The AEPD has imposed a sanction on Google LLC for transferring personal data to third parties unlawfully and for hindering the exercise of the right to erasure

  • Without a valid legal basis, Google LLC communicated information of requests made by users to the Lumen Project organization, including the identification of the citizen, his/her email, the reasons given, and the URL claimed
  • The Agency found two serious infringements of data protection rules and imposed a fine of EUR 10 million
Logo AEPD

(18 May 2022). The Spanish Data Protection Agency (AEPD) has issued a decision on the administrative procedure initiated against Google LLC declaring the existence of two very serious infringements of data protection rules and has imposed a penalty of ten million euros on the firm for transferring data to third parties without legal base to do so and for hindering citizens’ right to erasure (Articles 6 and 17 of the General Data Protection Regulation).

Google LLC acted as controller of the analysed processing, which was conducted in the US. In the case of disclosure of data to third parties, the AEPD has found that Google LLC sent information of requests made to it by citizens, including their identification, e-mail address, the reasons given, and the URL claimed to the Lumen Project.

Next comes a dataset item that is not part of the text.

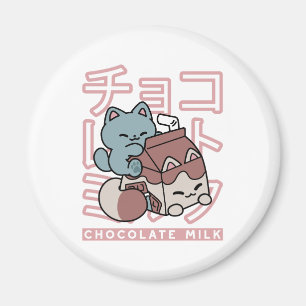 Íman Gato Kawaii com Leite de Chocolate – Arte Pop Japo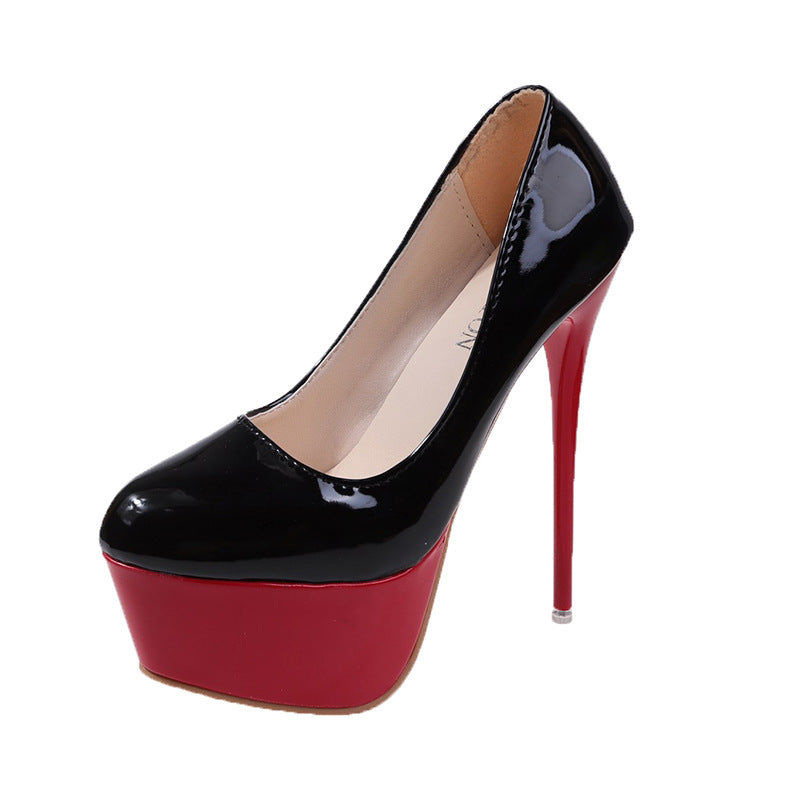 Women's Platform Pumps with Shiny Upper Material and High Stiletto Heel Lune London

The task of this project is to collect and make available requests for the removal of content, and the Agency therefore considers that, since all the information contained in the citizen’s request is sent for inclusion in another publicly accessible database and for dissemination via a website, “the purpose of exercising the right of erasure results in practice frustrated”.

The decision states that this communication of data by Google LLC to the Lumen Project is imposed on the user who intends to use Google forms, without the option of objecting to it and, therefore, without a valid consent for such communication to be made. Establishing such a condition for the exercise of the right to erasure granted to data subjects is in breach of the General Data Protection Regulation by generating “an additional processing of the data contained in the request for erasure when communicating them to a third party”. Furthermore, in the privacy policy of Google LLC, no mention is made of this processing of personal data of users, nor does communication to Project Lumen appear among the purposes.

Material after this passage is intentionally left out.